Great Many Arrows' is the 6th studio album from Damien Dubrovnik, the Danish duo of Loke Rahbek and Christian Stadsgaard. It is also the 200th release on their Posh Isolation label, marking 8 years for both the label and project. The label's inception came with Damien Dubrovnik's debut album, and since then the two have been inseparable. Without Damien Dubrovnik there would most likely have been no Posh Isolation, and vice versa.
'Great Many Arrows' is undoubtedly a high point in the varied discographies of both Rahbek and Stadsgaard. It is the most realized Damien Dubrovnik recording to date, and a standout in Posh Isolation's troves.As a record, 'Great Many Arrows' manages to translate the intensity of the duo's often unrestrained live shows in to carefully crafted studio productions. Unlike the pair's earlier and largely electronic recordings, the compositions on 'Great Many Arrows' set organs, cellos, violas, wind and other acoustic instruments against the backdrop of an electronic landscape.
The new toolset is as apparent on the surface as it is in the enclosed detail, taking the project further from its noise roots than it has ever been. This is not to say that Rahbek and Stadsgaard have traded ferocity for formal constraint. It is rather the opposite. While 'Great Many Arrows' is certainly the pair's most 'musical' work to date, its veneer of accessibility might also make it their most terrifying.
The strength of the recording lies here in the interaction between the melodic, acoustic instrumentation and the bulldozing electronics.
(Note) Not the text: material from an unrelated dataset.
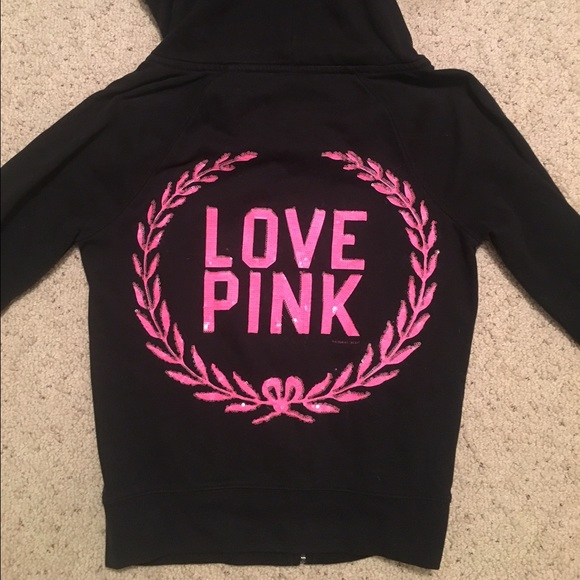 Love vs pink bright pink hoodie
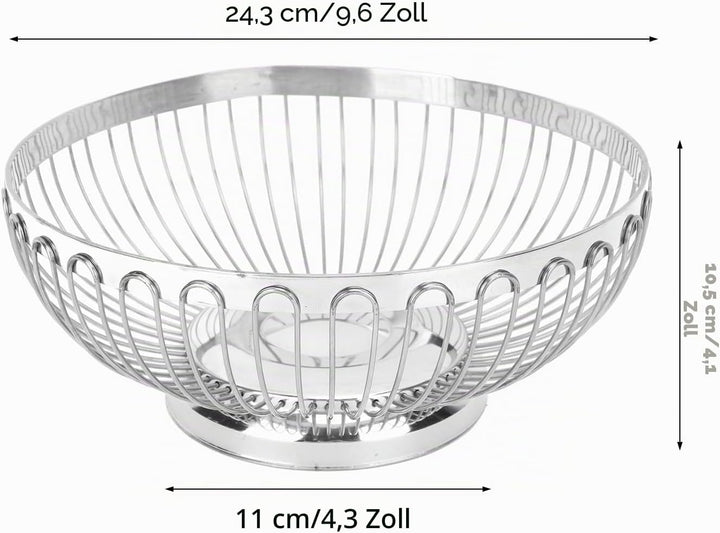 Trisar Obstschale, Moderner Stil, Grosser Obstkorb aus Edelstahl, Edelstahl, Hochglanzpoliert, für W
Moments of beauty and light are transfigured into utter chaos and rage, the mesmerising change an expression of the equal and opposite form's natural sway as it beckons and slips between its own passing.
'Great Many Arrows' takes its name from a historic archery competition in Kyoto, Japan, in which archers would shoot as many arrows as possible for a 24 hour period. On April 26, 1686, Wasa Daihachiro from Kishoe« successfully shot 8,133 out of 13,053 arrows, averaging 544 arrows an hour, or 9 arrows a minute, becoming the record holder.